» TASK DESCRIPTION: Copy every entry in the listing below exactly, but not the pictures.

» DATA SECTION:
►
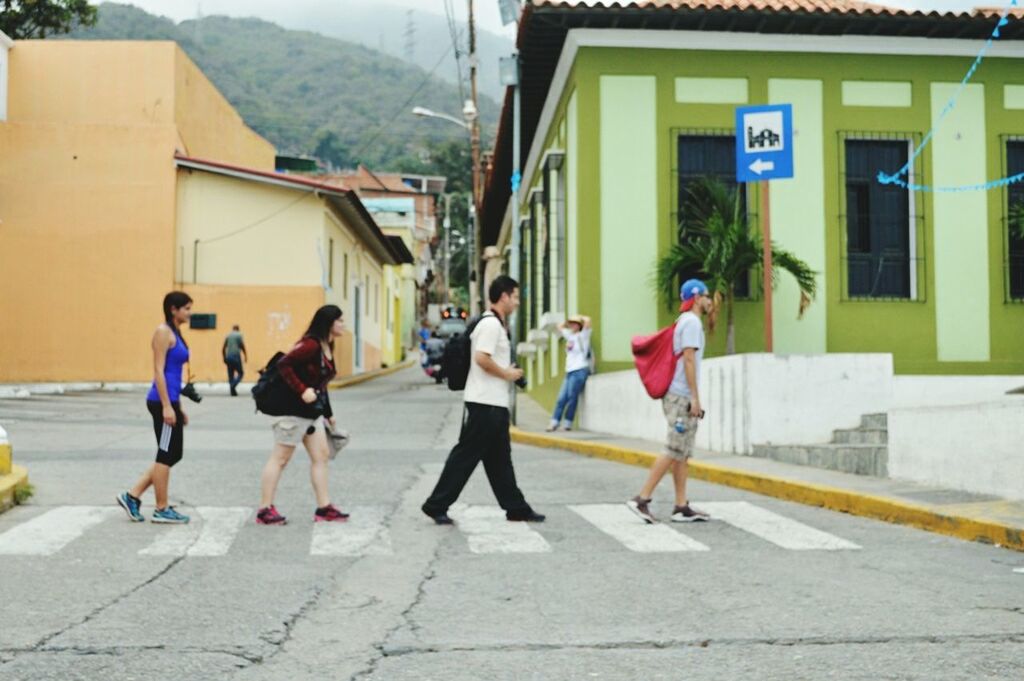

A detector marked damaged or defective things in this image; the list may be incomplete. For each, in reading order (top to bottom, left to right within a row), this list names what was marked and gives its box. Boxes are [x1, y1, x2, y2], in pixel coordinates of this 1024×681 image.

cracked asphalt [2, 366, 1024, 680]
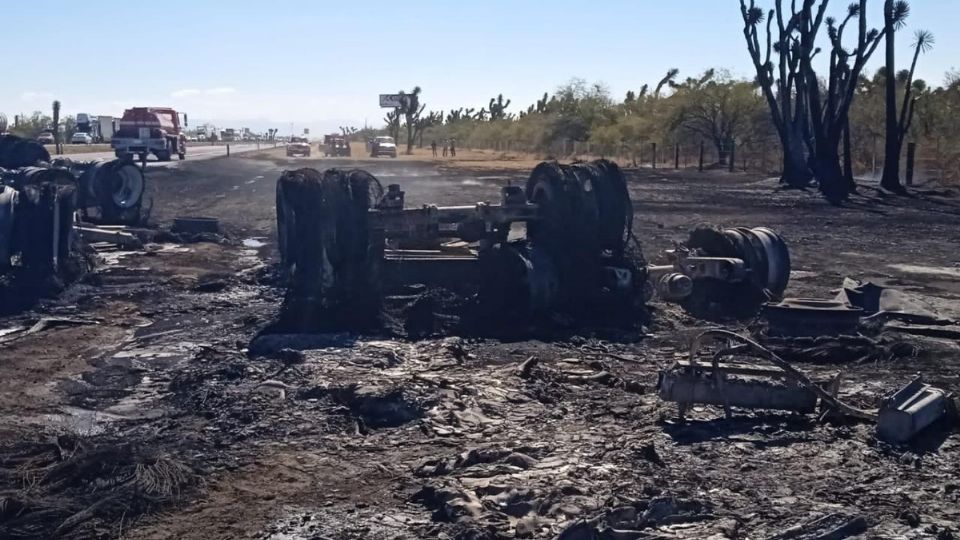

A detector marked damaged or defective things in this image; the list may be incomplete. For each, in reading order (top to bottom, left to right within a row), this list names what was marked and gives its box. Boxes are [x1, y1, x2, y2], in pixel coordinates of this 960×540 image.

overturned truck axle [274, 160, 792, 326]
burned wheel assembly [276, 159, 796, 330]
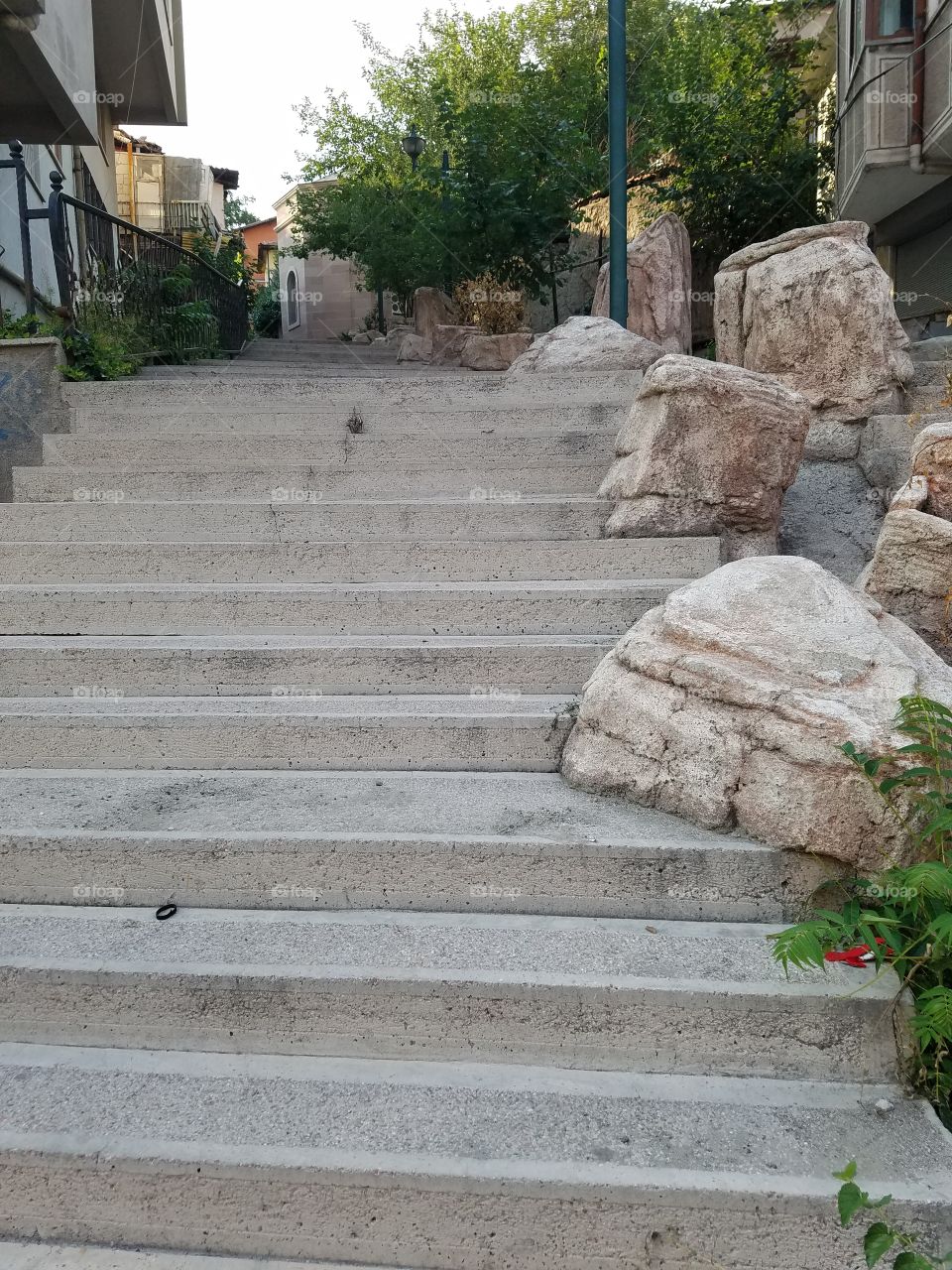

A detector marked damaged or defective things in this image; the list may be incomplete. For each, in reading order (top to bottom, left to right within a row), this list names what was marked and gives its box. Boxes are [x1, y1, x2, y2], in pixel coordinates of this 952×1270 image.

cracked concrete step [62, 369, 643, 409]
cracked concrete step [68, 407, 619, 437]
cracked concrete step [43, 433, 619, 466]
cracked concrete step [15, 456, 611, 496]
cracked concrete step [0, 496, 611, 540]
cracked concrete step [0, 540, 714, 591]
cracked concrete step [0, 579, 678, 631]
cracked concrete step [0, 631, 615, 695]
cracked concrete step [0, 695, 575, 774]
cracked concrete step [0, 762, 833, 921]
cracked concrete step [0, 905, 900, 1080]
cracked concrete step [0, 1040, 948, 1270]
cracked concrete step [0, 1254, 373, 1270]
◄
» EXPECTED ANSWER:
A detector marked damaged or defective things in this image; the list may be incomplete. For each, in reading order (top to bottom, left to right within a row), this list names what was marked and gives its box. Boxes are [x1, y1, x2, y2], in pixel coordinates of this 1024×681 image.

cracked asphalt [2, 366, 1024, 680]

A detector marked damaged or defective things in this image; the list may be incomplete. For each, in reading order (top to bottom, left to right within a row), this list names what was marked and gives its box. Boxes are [x1, y1, x2, y2], in pixel coordinates of this 960×540 image.

overturned truck axle [274, 160, 792, 326]
burned wheel assembly [276, 159, 796, 330]

A detector marked damaged or defective things in this image; the list may be incomplete. For each, in reading order (top to bottom, left to right within a row), this list names what was marked and gives its box. Boxes are [x1, y1, x2, y2], in pixel coordinates of this 952×1270 image.

cracked concrete step [62, 369, 643, 409]
cracked concrete step [68, 407, 619, 437]
cracked concrete step [43, 433, 619, 466]
cracked concrete step [15, 456, 611, 496]
cracked concrete step [0, 496, 611, 540]
cracked concrete step [0, 540, 714, 591]
cracked concrete step [0, 579, 678, 631]
cracked concrete step [0, 631, 615, 695]
cracked concrete step [0, 695, 575, 774]
cracked concrete step [0, 762, 833, 921]
cracked concrete step [0, 905, 900, 1080]
cracked concrete step [0, 1040, 948, 1270]
cracked concrete step [0, 1254, 373, 1270]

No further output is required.